Gevent is an event-driven single-thread concurrency library that handles most issues for you out of the box via monkey-patching. gevent.monkey.patch_socket() is a function that replaces the normal socket calls with non-blocking variants, polling and sleeping to allow the switch to other greenlets as need be. If you want more control, or it's not cutting it for you, you can easily manage the switching with select and gevent's cooperative yield.

Here's a simple example.

import gevent
import socket
import gevent.monkey; gevent.monkey.patch_socket()

ALL_PORTS=[i for i in xrange(1024, 2048)]
MY_ADDRESS = "127.0.0.1"    

def init_server_sock(port):
    try: 
        s=socket.socket()
        s.setblocking(0)
        s.bind((MY_ADDRESS, port))
        s.listen(5)
        return s
    except Exception, e:
        print "Exception creating socket at port %i: %s" % (port, str(e))
        return False

def interact(port, sock):
    while 1:
        try:
            csock, addr = sock.accept()
        except:
            continue
        data = ""
        while not data:
            try:
                data=csock.recv(1024)
                print data
            except:
                gevent.sleep(0) #this is the cooperative yield
        csock.send("Port %i got your message!" % port)
        csock.close()
        gevent.sleep(0)


def main():
   socks = {p:init_server_sock(p) for p in ALL_PORTS}
   greenlets = []
   for k,v in socks.items():
       if not v:
           socks.pop(k)
       else:
           greenlets.append(gevent.spawn(interact, k, v))

   #now we've got our sockets, let's start accepting
   gevent.joinall(greenlets)

That would be a super-simple, completely untested server serving plain text We got your message! on ports 1024-2048. Involving select is a little harder; you'd have to have a manager greenlet which calls select and then starts up the active ones; but that's not massively hard to implement.

Hope this helps! The nice part of the greenlet-based philosophy is that the select call is actually part of their hub module, as I recall, which will allow you to create a much more scalable and complex server more easily. It's pretty efficient too; there are a couple benchmarks floating around.

Upvotes: 3

Mark Rushakoff
Mark Rushakoff

Reputation: 258198

If you really wanted to be lazy (from a programmer standpoint, not an evaluation standpoint), you could set a timeout on your blocking read and just loop through all your sockets; if a timeout occurs, there wasn't any data available. Functionally, this is similar to what the select is doing, but it is taking that control away from the OS and putting it in your application.

Of course, this implies that as your sleep time gets smaller, your program will approach 100% CPU usage, so you wouldn't use it on a production app. It's fine for a toy though.

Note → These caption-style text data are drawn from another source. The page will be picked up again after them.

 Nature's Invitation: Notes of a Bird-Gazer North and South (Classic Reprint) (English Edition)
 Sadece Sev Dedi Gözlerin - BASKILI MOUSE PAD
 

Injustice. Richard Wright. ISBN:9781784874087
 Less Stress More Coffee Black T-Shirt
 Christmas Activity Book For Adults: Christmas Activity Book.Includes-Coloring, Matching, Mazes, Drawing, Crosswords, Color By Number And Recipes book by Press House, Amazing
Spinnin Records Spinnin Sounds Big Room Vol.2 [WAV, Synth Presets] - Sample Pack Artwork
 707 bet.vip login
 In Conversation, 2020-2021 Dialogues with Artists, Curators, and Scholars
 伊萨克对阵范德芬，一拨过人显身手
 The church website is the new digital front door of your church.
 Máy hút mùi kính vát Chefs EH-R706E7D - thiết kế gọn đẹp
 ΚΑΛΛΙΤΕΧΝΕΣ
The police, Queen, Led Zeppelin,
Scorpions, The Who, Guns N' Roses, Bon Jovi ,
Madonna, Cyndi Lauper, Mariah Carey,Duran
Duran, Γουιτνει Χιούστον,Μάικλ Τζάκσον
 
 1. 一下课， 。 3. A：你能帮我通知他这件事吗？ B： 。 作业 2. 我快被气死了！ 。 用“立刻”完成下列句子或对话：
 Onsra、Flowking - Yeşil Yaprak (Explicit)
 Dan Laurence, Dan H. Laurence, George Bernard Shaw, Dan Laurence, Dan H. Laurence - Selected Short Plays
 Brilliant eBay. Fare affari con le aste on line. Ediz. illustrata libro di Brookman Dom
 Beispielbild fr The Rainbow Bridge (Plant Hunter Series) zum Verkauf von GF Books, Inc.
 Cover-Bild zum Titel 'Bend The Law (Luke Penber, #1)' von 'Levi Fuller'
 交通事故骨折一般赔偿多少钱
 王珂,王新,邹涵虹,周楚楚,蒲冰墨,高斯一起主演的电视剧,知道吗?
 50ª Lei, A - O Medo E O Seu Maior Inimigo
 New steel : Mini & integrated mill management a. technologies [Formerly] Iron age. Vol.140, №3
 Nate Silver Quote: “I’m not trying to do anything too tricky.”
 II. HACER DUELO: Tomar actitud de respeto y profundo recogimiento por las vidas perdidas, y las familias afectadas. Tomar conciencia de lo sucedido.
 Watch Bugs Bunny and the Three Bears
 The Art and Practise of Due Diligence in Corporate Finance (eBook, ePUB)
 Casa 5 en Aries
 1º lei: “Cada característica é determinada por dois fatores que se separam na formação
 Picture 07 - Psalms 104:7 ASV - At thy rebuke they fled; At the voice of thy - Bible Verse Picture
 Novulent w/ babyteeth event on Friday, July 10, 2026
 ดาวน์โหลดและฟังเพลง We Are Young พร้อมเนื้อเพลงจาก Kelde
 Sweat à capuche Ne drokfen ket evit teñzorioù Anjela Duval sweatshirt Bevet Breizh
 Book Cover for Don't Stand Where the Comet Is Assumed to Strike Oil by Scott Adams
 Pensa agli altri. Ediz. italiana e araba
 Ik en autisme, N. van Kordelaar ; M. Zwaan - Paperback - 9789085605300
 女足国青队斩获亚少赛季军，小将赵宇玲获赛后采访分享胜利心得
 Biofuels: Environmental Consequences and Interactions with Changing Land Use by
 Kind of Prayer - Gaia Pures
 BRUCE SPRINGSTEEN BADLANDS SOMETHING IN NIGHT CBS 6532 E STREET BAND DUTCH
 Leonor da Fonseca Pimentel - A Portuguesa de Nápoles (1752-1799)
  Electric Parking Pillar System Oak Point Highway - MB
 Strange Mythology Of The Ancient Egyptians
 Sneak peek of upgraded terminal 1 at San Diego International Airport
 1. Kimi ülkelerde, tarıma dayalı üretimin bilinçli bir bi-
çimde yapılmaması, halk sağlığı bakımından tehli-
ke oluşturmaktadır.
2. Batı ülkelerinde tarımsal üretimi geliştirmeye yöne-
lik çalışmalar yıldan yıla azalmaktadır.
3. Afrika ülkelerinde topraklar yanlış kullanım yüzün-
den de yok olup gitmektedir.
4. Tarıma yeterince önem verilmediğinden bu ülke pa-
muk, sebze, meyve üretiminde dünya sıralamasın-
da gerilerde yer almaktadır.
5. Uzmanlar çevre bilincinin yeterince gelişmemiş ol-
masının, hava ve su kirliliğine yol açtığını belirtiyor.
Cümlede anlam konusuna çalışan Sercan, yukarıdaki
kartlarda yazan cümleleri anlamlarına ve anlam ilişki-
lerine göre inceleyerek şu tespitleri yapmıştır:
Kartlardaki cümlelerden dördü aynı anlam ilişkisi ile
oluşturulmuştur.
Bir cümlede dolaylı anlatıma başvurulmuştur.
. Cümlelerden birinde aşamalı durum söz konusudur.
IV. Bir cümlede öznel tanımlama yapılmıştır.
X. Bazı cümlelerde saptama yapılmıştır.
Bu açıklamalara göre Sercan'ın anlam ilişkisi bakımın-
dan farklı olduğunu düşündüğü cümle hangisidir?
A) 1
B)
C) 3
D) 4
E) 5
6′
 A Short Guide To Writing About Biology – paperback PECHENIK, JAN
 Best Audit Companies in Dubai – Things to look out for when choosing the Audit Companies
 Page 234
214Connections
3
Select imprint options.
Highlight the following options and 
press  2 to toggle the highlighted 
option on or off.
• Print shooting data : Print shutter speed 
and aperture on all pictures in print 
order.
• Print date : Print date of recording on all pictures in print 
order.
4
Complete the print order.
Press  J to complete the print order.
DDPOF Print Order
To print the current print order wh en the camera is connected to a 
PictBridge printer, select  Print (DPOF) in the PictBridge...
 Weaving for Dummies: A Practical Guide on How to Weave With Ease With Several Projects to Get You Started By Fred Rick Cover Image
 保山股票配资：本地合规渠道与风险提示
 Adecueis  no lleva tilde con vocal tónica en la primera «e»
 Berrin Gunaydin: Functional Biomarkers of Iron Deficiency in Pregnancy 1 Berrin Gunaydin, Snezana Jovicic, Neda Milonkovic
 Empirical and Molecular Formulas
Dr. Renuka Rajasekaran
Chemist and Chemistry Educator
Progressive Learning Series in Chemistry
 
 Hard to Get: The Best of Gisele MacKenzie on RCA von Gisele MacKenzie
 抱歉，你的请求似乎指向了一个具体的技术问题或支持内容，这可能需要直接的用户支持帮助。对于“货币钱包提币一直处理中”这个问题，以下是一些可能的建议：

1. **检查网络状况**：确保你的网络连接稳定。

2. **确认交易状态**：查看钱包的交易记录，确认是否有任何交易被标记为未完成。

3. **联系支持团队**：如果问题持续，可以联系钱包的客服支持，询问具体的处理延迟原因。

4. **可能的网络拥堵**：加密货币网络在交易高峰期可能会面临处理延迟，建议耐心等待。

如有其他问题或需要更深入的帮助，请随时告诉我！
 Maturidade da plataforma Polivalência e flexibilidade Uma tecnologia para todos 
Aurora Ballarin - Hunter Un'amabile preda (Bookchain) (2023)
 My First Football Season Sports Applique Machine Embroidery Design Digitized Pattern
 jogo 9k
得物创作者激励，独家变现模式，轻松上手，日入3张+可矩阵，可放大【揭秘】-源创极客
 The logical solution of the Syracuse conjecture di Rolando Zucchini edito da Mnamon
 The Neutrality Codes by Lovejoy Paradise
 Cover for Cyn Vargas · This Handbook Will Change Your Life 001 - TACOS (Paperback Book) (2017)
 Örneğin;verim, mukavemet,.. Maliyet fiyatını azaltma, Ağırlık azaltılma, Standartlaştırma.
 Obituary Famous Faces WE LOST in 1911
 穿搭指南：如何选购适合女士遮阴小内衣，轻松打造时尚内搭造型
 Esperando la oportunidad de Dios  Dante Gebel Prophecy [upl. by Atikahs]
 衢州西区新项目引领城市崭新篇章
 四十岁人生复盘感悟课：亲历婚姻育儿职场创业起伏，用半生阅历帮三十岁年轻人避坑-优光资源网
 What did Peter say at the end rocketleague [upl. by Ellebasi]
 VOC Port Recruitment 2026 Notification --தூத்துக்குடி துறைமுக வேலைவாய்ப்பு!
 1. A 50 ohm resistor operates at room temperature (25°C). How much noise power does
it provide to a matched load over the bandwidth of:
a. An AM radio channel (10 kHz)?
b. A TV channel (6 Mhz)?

It would go something like this: (not tested)

def server():
    import sys, os, socket

    port = 11116
    host = ''
    backlog = 5 # Number of clients on wait.
    buf_size = 1024
    NUM_SOCKETS = 10
    START_PORT = 2000

    try:
            socket.setdefaulttimeout(0.5) # raise a socket.timeout error after a half second
            listening_sockets = []
            for i in range(NUM_SOCKETS):
                listening_socket = socket.socket(socket.AF_INET, socket.SOCK_STREAM)
                listening_socket.setsockopt(socket.SOL_SOCKET,socket.SO_REUSEADDR,1) 
                listening_socket.bind((host, START_PORT + i)) 
                listening_socket.listen(backlog)
                listening_sockets.append(listening_socket)
    except socket.error, (value, message):
            if listening_socket:
                    listening_socket.close()
            print 'Could not open socket: ' + message
            sys.exit(1)

    while True:
            for sock in listening_sockets:
                try:
                    accepted_socket, adress = sock_socket.accept()

                    data = sock.recv(buf_size)
                    if data:
                            sock_socket.send('Hello, and goodbye.')
                    sock.close()
                except socket.timeout:
                    pass

    server()

Upvotes: 2

Eric Petroelje
Eric Petroelje

Reputation: 60498

I'm not a python guy, but the function you are interested in is "select". This will allow you to watch multiple sockets and breaks out when activity occurs on any one of them.